Ortaya çıkanlar bize gösteriyor ki aslında hiç başlamamış.
Bu örgütün askeri okullar ile başlayan sonrasında emniyet ve diğer devlet kurumlarına sızan kripto mahrem örgütü ile ne devletin kurumlarının ne de Ak Parti’nin herhangi ilişkisi hiç olmamış.
Bu alçaklar bir tek gün bile hiç kimseye güvenmemişler.
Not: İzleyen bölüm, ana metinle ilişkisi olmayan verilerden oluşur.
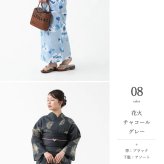 浴衣 帯 2点 セット 柄 大人 女性 兵児帯 レディース 10代 20代 女性用 おしゃれ かわいい 可愛い 夏 ゆかた 梅 四葉 牡丹 椿 百合 大花 朝顔 金魚 桜 赤 黄 浴衣セット 中学生 大きいサイズ 簡単 に 着 れる 和服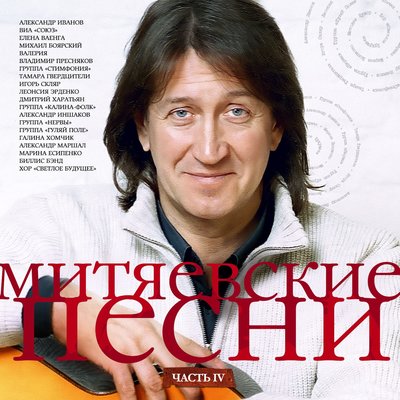 Небесный калькулятор - Владимир Пресняков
Hadi örgütlenmeye başladıkları 70’li yıllar Türkiye’sinde kripto mahrem bir örgütlenmeye zorunlu hissedecekleri bir ortam vardı. Hadi darbe sonrasındaki Türkiye’nin 80’li yıllarında da kendilerini rahat hissetmediler. Hadi 28 Şubat rüzgarlarının teslim aldığı dönemde de kendilerini güvende hissetmediler.
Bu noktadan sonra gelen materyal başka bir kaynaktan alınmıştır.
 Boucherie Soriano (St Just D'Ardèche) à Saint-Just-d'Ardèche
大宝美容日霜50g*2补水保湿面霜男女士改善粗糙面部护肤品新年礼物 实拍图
Bugün geldiğimiz nokta bize gösteriyor ki, kendilerini hiçbir zaman açık bir teşkilat olarak ifade etmemişler.
Özellikle de 2007-2012 yılları arasında, devletin teşkilatlarını geniş bir şekilde kontrol ettikleri anlaşılıyor. Hatta bazı kurumları neredeyse kurtarılmış bölge haline getirdiklerini görüyoruz.
Özellikle yargı ve güvenlik bürokrasisinde, iş hayatında eğitimde çok yaygın bir teşkilat olduğu görülüyor.
FETÖ’nün eksenini oluşturan mahrem hiyerarşi hiçbir zaman etkisini ve işlerliğini azaltmıyor.
Mahrem bir hiyerarşik düzene niye ihtiyaç duyulur? Formel yani açık düzene yeteri kadar güven duyulmadığı ve açık sistemin kendileri tehlike oluşturduğu zamanlarda korunmak için değil mi?
Bu örgüt mahrem hiyerarşisinin hiçbir zaman işlerliğini askıya almadığına göre, demek ki hiçbir zaman tam güven duydukları bir ortam oluşmamış.
Eğer AK Parti ile ilişkilerinin zirve yaptığı dönemlerde bile en küçük bir güven duysalar, ayrıca mahrem bir hiyerarşik düzeni işler halde tutmalarına gerek kalır mıydı?
Bir grupla gerçek bir iş birliği içinde olsanız, gerçek bir iş birliği olan ortamda, bir taraf ayrıca paralel ve gizli bir örgütlenme ihtiyacı duyar mı?
Demek ki FETÖ denilen bu örgüt, hiç bir dönemde AK Parti’ye güvenmemiş ve kendini güvende hissetmemiş.
AK Parti öncesinde, hatta kuruluş yıllarında iş birliği yaptığı karanlık örgütlerle ilişkilerinin derinliği neydi onu tam bilemiyoruz. Bu kirli örgütü karanlık odakların programlandığı konusu hiç tereddüt edilmeyecek kadar net. Ancak o karanlık odaklara karşı da mahrem ve karanlık odakların erişimine kapalı bir hiyerarşik düzen kurulmuş mudur? Hiç sanmıyorum. Muhtemelen örgütü programlayanlar, programın tüm kodlarını da ellerinde tutuyordu.
Ancak AK Parti iktidarları döneminde, yer üstündeki formel sistem hükümetle ilişki kurarken, diğer yandan yer altındaki karanlık yapı alternatif bir hiyerarşik düzen olarak varlığını sürdürmüş.
Süreç içinde kazandıkları özgüven ile hükümeti devirmek için fırsat kollamışlar ve fırsatı bulduklarını düşündüklerinde de harekete geçmişler.
FETÖ iltisakı için bahsi geçen milatlar konusu başka bir konudur.
Ancak ortaya çıkan olaylar gösteriyor ki, FETÖ mahrem hiyerarşisi ile AK Parti arasında hiç bir zaman bir bağ kurulmamıştır.